鳥取県としても商品のパッケージをリニューアルするなどの支援はしてきたものの、なかなか売り上げが上がらない。そこで生活者のニーズを捉えた商品を考案してほしいと筆者らに白羽の矢が立った。まさに「素材はあるのに、企画のない商品」をリデザインする絶好の機会だった。
対象となったのは、鳥取県で50年続くお餅専門店「いけがみ」の餅だ。
筆者はさっそく鳥取に飛び、餅屋の社長から事情を聞いた。お餅を食べるのは正月ぐらいしかなくなったことや、スーパーで売られる安価な切り餅の台頭、若い人のお餅離れなどの理由から、餅が売れなくなっているというのだ。
自ら利用シーンを限定
そんないけがみも手をこまぬいていたワケではない。起死回生を狙い、1年を通して売れることをもくろんで開発したのが厚さ3ミリメートルの薄いスライス餅だった。パッケージに記された商品名は「しゃぶしゃぶ餅」。「鍋に入れてささっとしゃぶしゃぶして食べれます」。担当者は笑顔で教えてくれた。
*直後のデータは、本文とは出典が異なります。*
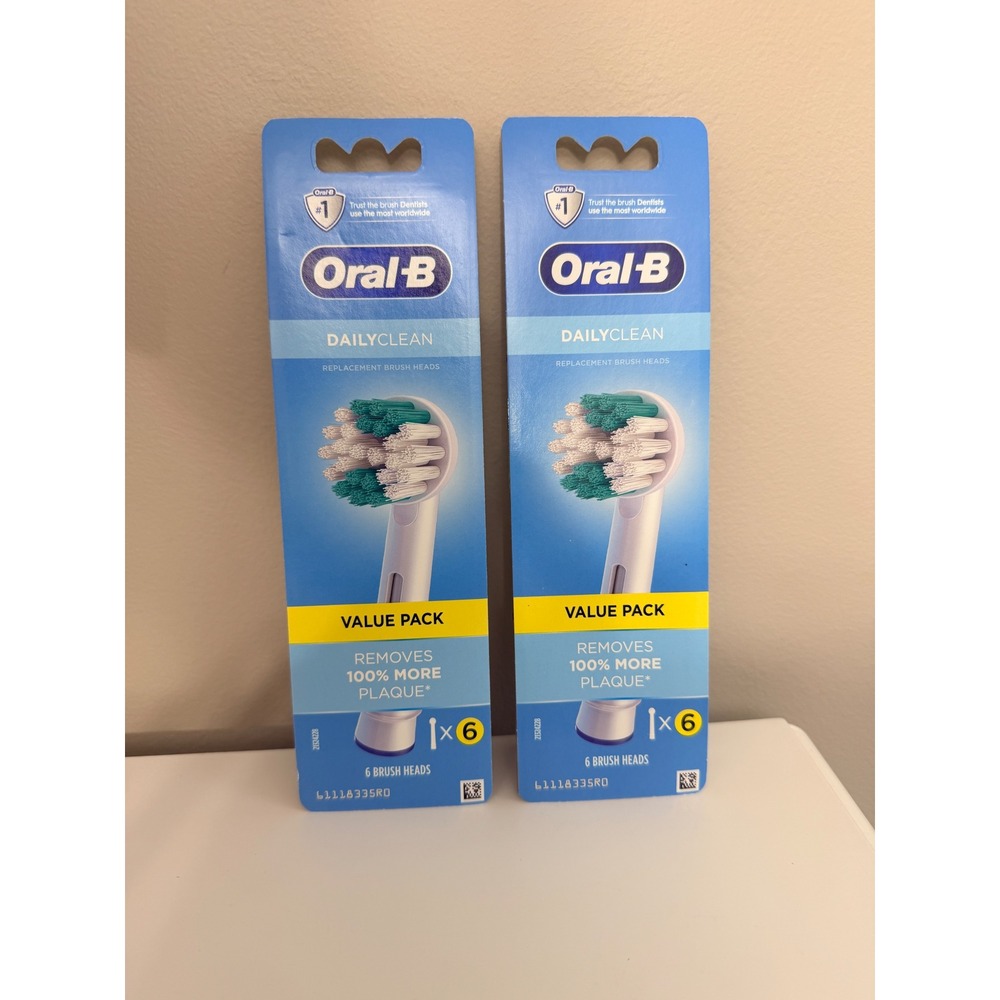 Oral-B Daily Clean Replacement Brush Heads Unisex 12 Count White Blue‎ NWT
「通年用の新商品のはずなのに、鍋というキーワードで使用を限定しているのでは?」。筆者は思ったがそこはご愛嬌。ここにこそ未開拓のチャンスがあるという予感がした。
スライス餅は非常に薄いのでお湯に入れるだけでとろける。鍋以外でもトッピングとして食卓で活用するシーンがすぐに脳裏に浮かんだ。大切なのは「もしも自分だったら」というとっさの生活者的発想だ。すぐに食卓のシーンが思い浮かんだということは、このスライス餅も生活者発想が集められる可能性は高く、Blabo!にとってはもってこいの課題だった。